KWAME HOLMAN: But Black adds McKinney ostracized some white supporters by accusing her white Democratic opponents during last summer’s primary of being part of the old Confederacy and a lynch mob.

REP. CYNTHIA MCKINNEY: Ever since the beginning of, of my political experience in Georgia, I have been fighting the good fight, a real good fight, against the good old boys from the bad old days. And I will always have that fight to fight. And those comments were made with specific reference to my fight against the good old boys which will not stop.

KWAME HOLMAN: Louis Farrakhan also became a campaign issue when Mitnick criticized McKinney for refusing to condemn the speech of a lieutenant of the Nation of Islam leader. Two weeks ago, McKinney’s father, Billy, a longtime state representative and adviser to her campaign, called Mitnick, who is Jewish, a racist Jew.

JOHN MITNICK: It was very hurtful, uh, to be called a racist and particularly a racist Jew, as if the word “Jew” were somehow part of the insult.

REP. CYNTHIA M KINNEY: My father made a mistake and got too emotional, and, and he’s apologized for that and acknowledged that he did make a mistake.

KWAME HOLMAN: Jews make up 7 to 8 percent of the district’s population. Some, like Samuel Lubin, a 40-year resident of DeKalb County, now are undecided about McKinney.

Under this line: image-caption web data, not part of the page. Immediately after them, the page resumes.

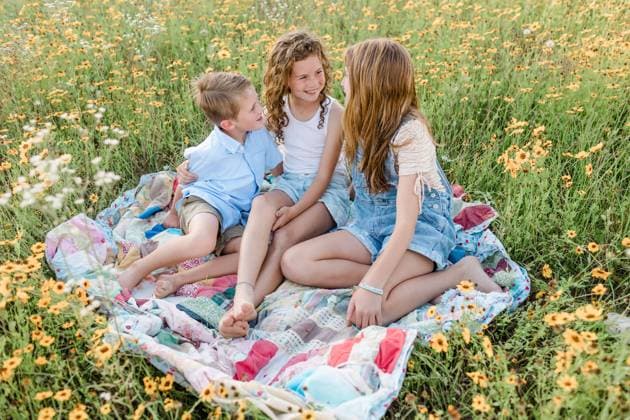 Siblings sitting on a quilt in a flower field on a spring day Valdosta, Georgia, United States R_HZPG240122-1336843-01 ,model released, Symbolfoto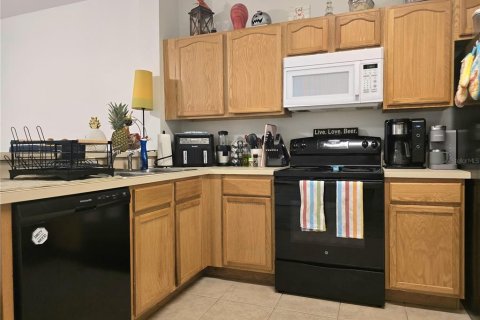 Townhouse in Clermont, Florida 3 bedrooms, 138.8 sq.m. № 2383840 - photo 12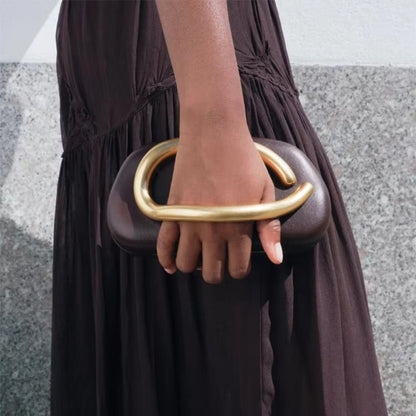 Brand Z Clutch Bag Metal Handle Design Luxury Evening Lipstick Bag Round Box Chain Bag Elegant Woman Shoulder Messenger Bags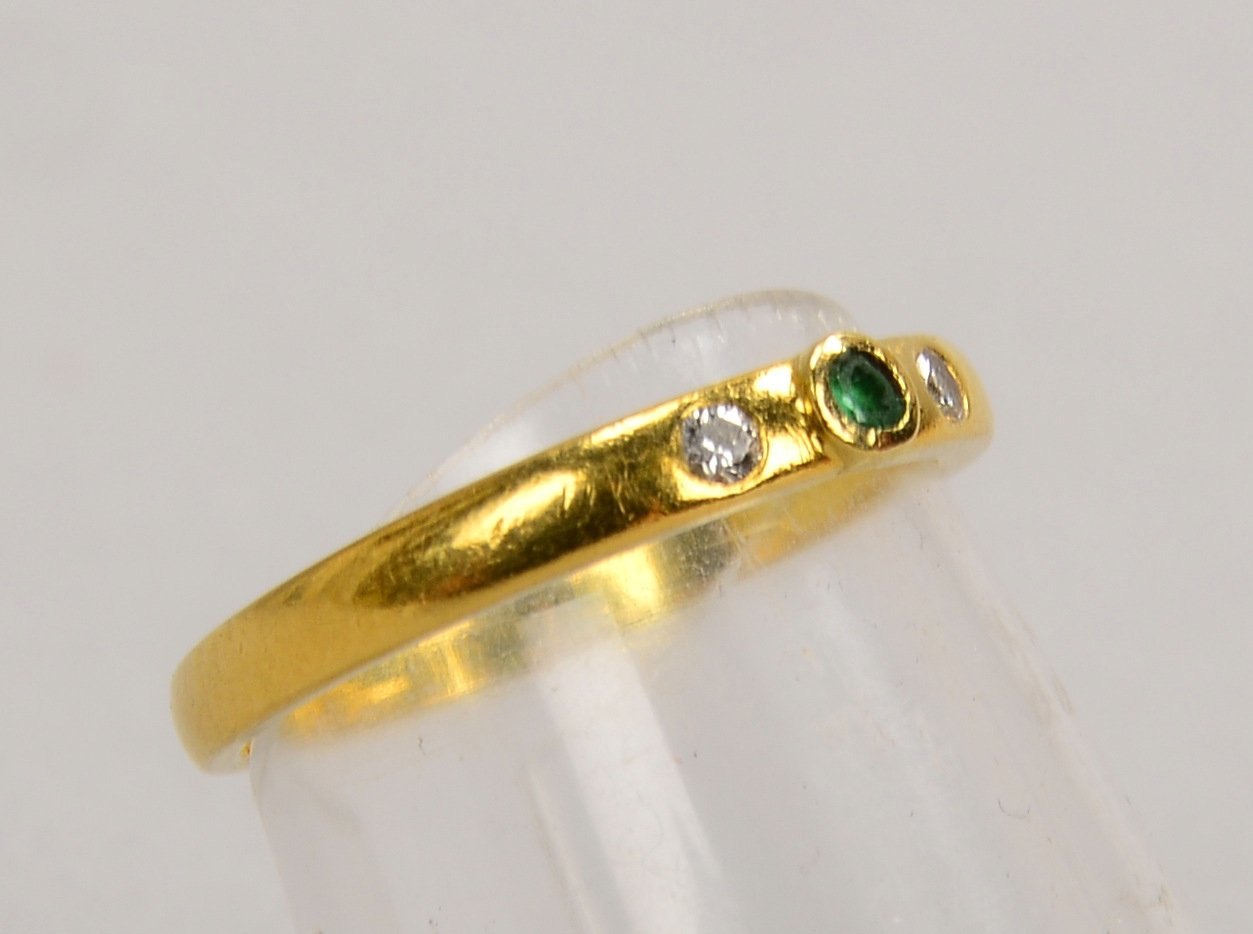 Ring, 750 GG (gest.), besetzt mit kl. Smaragd und 2x kl. Diam.; RG 51, Gew. 2,30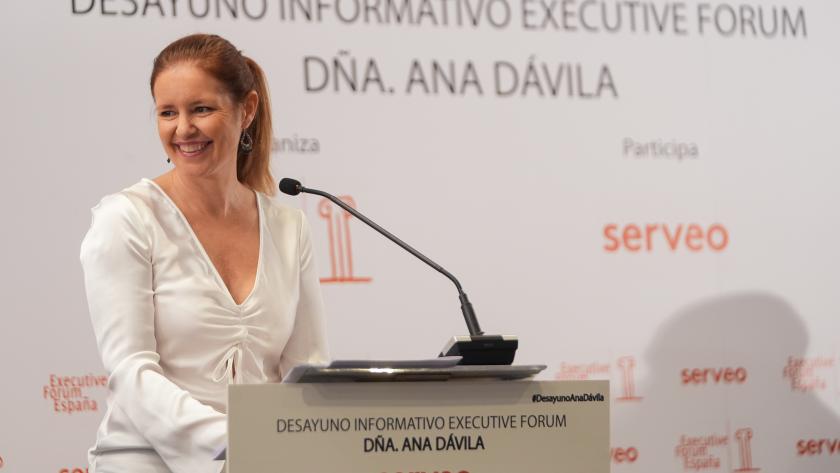 Dávila protagoniza un desayuno informativo de Executive Forum España La consejera Ana Dávila durante un desayuno informativo de Executive Forum España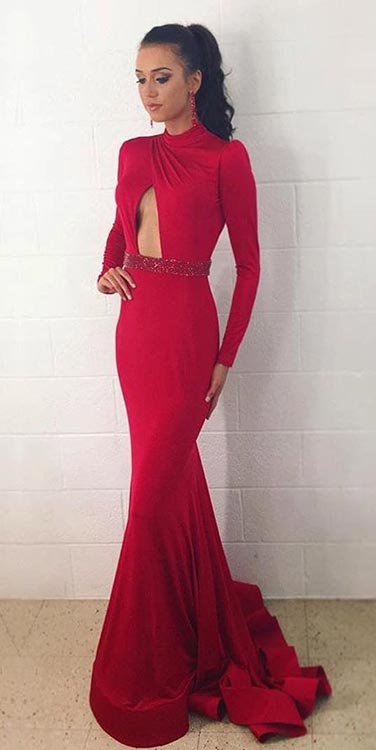 שמלת נשף אדומה ארוכה עם שרוולים ארוכים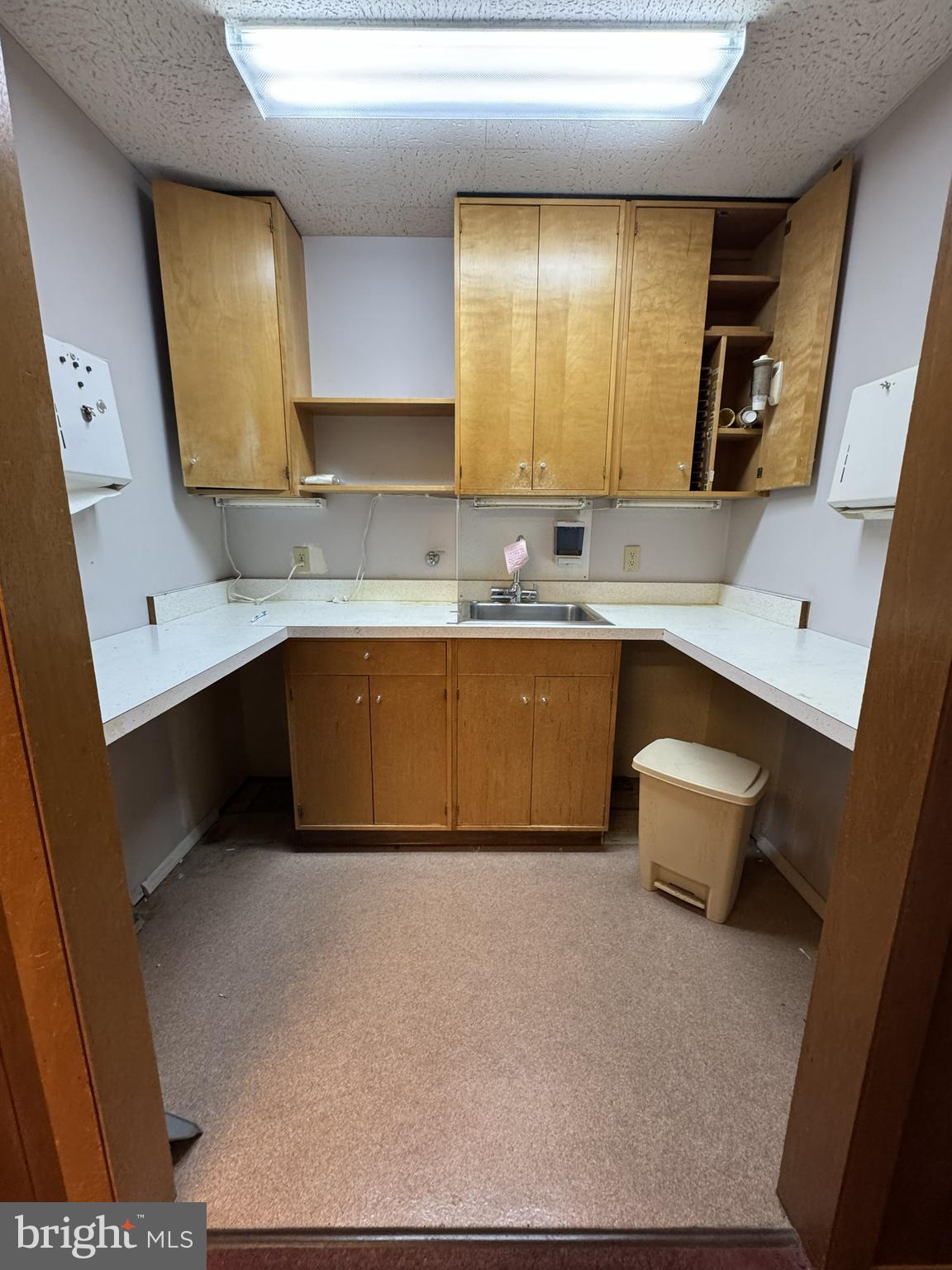 233 EASTERLY PARKWAY 106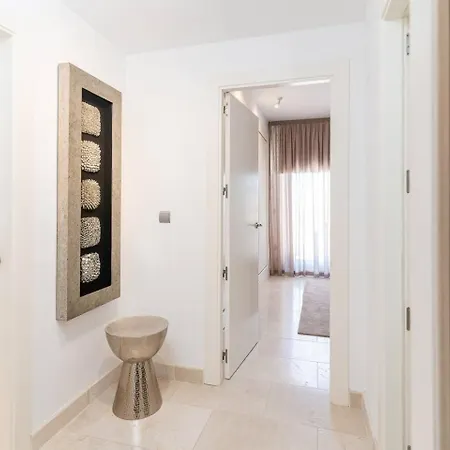 Seaview 2br Penthouse With Terrace & Pool Access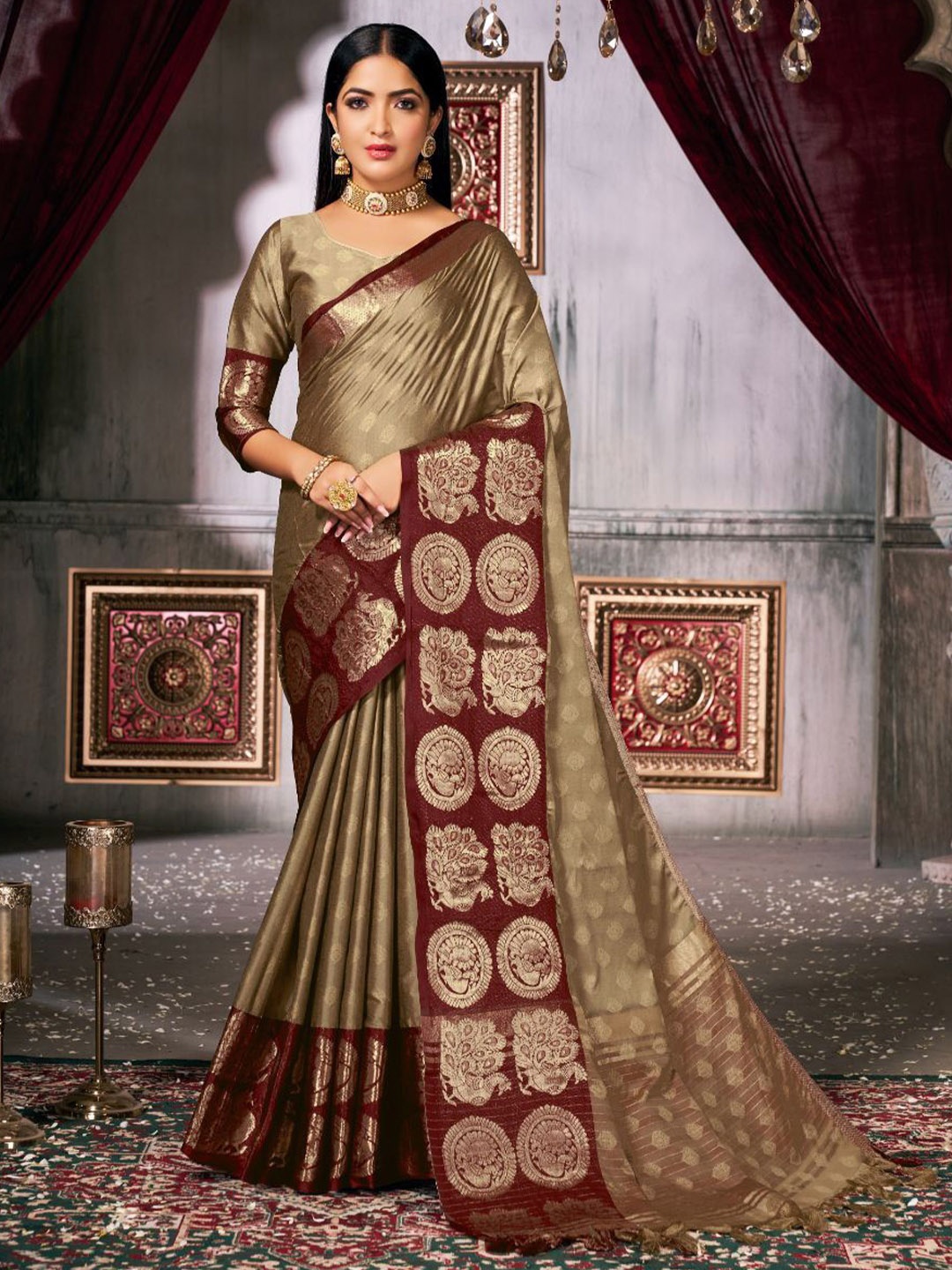 

Wuxi Ethnic Motifs Zari Pure Silk Banarasi Saree, Cream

SAMUEL LUBIN, McKinney Constituent: I know, I have friends in the Jewish community who have very firmly supported Cynthia, and they have even held meetings in their homes and invited in speakers to support her, so that we’re going through a very difficult time, trying to determine what is the path that we’re going to take in this particular campaign.

KWAME HOLMAN: No independent polls exist on the race for Georgia’s new 4th District. Republican John Mitnick says he’ll go after every vote, including among the district’s 1/3 black population.

JOHN MITNICK: I want to restore the American dream for everybody in this country, regardless of their race, religion, ethnicity, or gender. And that’s my main goal in Congress.

KWAME HOLMAN: Meanwhile, McKinney seems steadfast in her refusal to concede to more conservative positions that might attract more white support. But analysts admit she needs only about two in ten white votes to go along with her solid black support.

MERLE BLACK: She’s doing it kind of the hard way, and she may be successful in this district in doing that, but it would probably guarantee continued opposition over a series of elections from the almost half of the district that would feel completely unrepresented under her style of politics.

KWAME HOLMAN: As for what a McKinney victory would say about the need for majority-minority districts, McKinney rejects the idea her winning would demonstrate such districts no longer are necessary.

REP. CYNTHIA MCKINNEY: I’m not the real test. The real test is in the second generation of African-American would-be members of Congress who will run in non-majority-minority districts. Will they be able to win? Will they be able to garner the trust? Will they be able to raise the money–the hundreds of thousands of dollars that it takes to run a congressional campaign–will they be able to succeed when the odds are stacked so high? When they succeed, then we can truly say that the Supreme Court was right.